As the COVID-19 pandemic continues to spread across the world, testing remains a key strategy for tracking and containing the virus. Researchers have developed a rapid, ultrasensitive test using a paper-based electrochemical sensor that can detect the presence of the virus in less than five minutes.

There are two broad categories of COVID-19 tests on the market. The first uses reverse transcriptase real-time poly-merase chain reaction (RT-PCR) and nucleic acid hybridization strategies to identify viral RNA. Some drawbacks include the amount of time it takes to complete the test, the need for specialized personnel, and the availability of equipment and reagents. The second category focuses on the detection of antibodies; however, there could be a delay of a few days to a few weeks after a person has been exposed to the virus for them to produce detectable antibodies.
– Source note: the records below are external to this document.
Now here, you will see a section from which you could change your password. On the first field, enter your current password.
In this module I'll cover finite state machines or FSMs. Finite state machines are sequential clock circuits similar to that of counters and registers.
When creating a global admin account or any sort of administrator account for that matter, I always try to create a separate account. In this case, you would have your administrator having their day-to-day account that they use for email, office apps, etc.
In recent years, researchers have had some success with creating point-of-care biosensors using 2D nanomaterials such as graphene to detect diseases. The main advantages of these biosensors are their sensitivity, low cost of production, and rapid detection turnaround. Graphene exhibits unique mechanical and electrochemical properties that make it ideal for the development of sensitive electrochemical sensors. The team created a graphene-based electrochemical biosensor with an electrical readout setup to selectively detect the presence of SARS-CoV-2 genetic material.

There are two components to the biosensor: a platform to measure an electrical readout and probes to detect the presence of viral RNA. To create the platform, researchers first coated filter paper with a layer of graphene nanoplatelets to create a conductive film. Then, they placed a gold electrode with a predefined design on top of the graphene as a contact pad for electrical readout. Both gold and graphene have high sensitivity and conductivity, which makes this platform ultrasensitive to detect changes in electrical signals.
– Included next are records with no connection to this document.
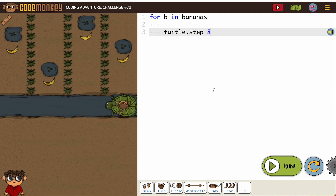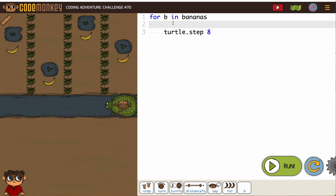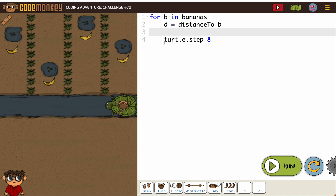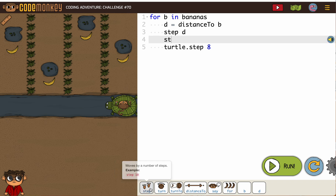For this one we're going to be doing something different — we need our monkey to go forward to the banana and then walk backward. There is no way to use minus or negative with step distance to. However, if we make step distance to a variable, so D equals distance to B, and then distance to B will change, then we can say step D — as in step the distance of the banana — and then step minus D.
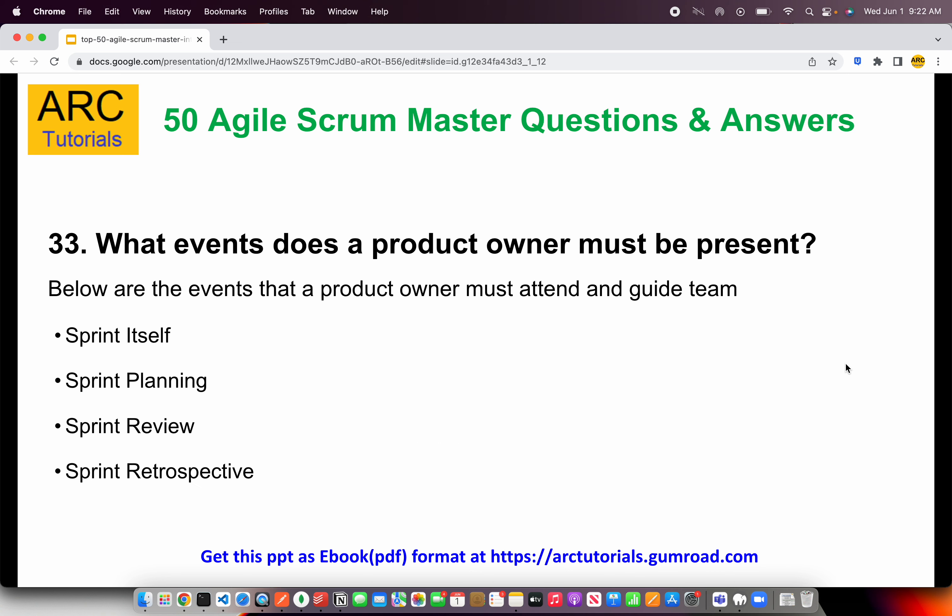What events must a product owner be present at? This question is often asked to understand the role of a product owner and how they contribute to the product goal. The product owner is required to be in every sprint planning, sprint review, and sprint retrospective — these are the important ceremonies the product owner must attend. Notice that the daily sprint standup is not included; the product owner is not required at the daily standup meeting.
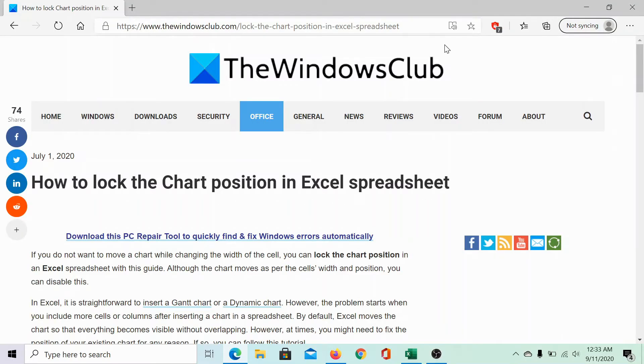Welcome to the Windows Club. We are here with a very interesting article on locking the chart position in an Excel spreadsheet.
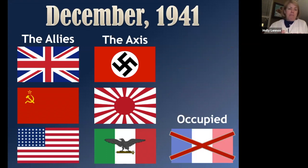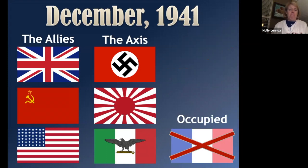France was still occupied by Germany, but was still considered an Allied power.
Current RNA-based COVID-19 tests screen for the presence of the N-gene (nucleocapsid phosphoprotein) on the SARS-CoV-2 virus. In this research, the team designed antisense oligonucleotide (ASOs) probes to target two regions of the N-gene. Targeting two regions ensures the reliability of the senor in case one region undergoes gene mutation. Gold nanoparticles (AuNP) are capped with these single-stranded nucleic acids (ssDNA), which represents an ultra-sensitive sensing probe for the SARS-CoV-2 RNA.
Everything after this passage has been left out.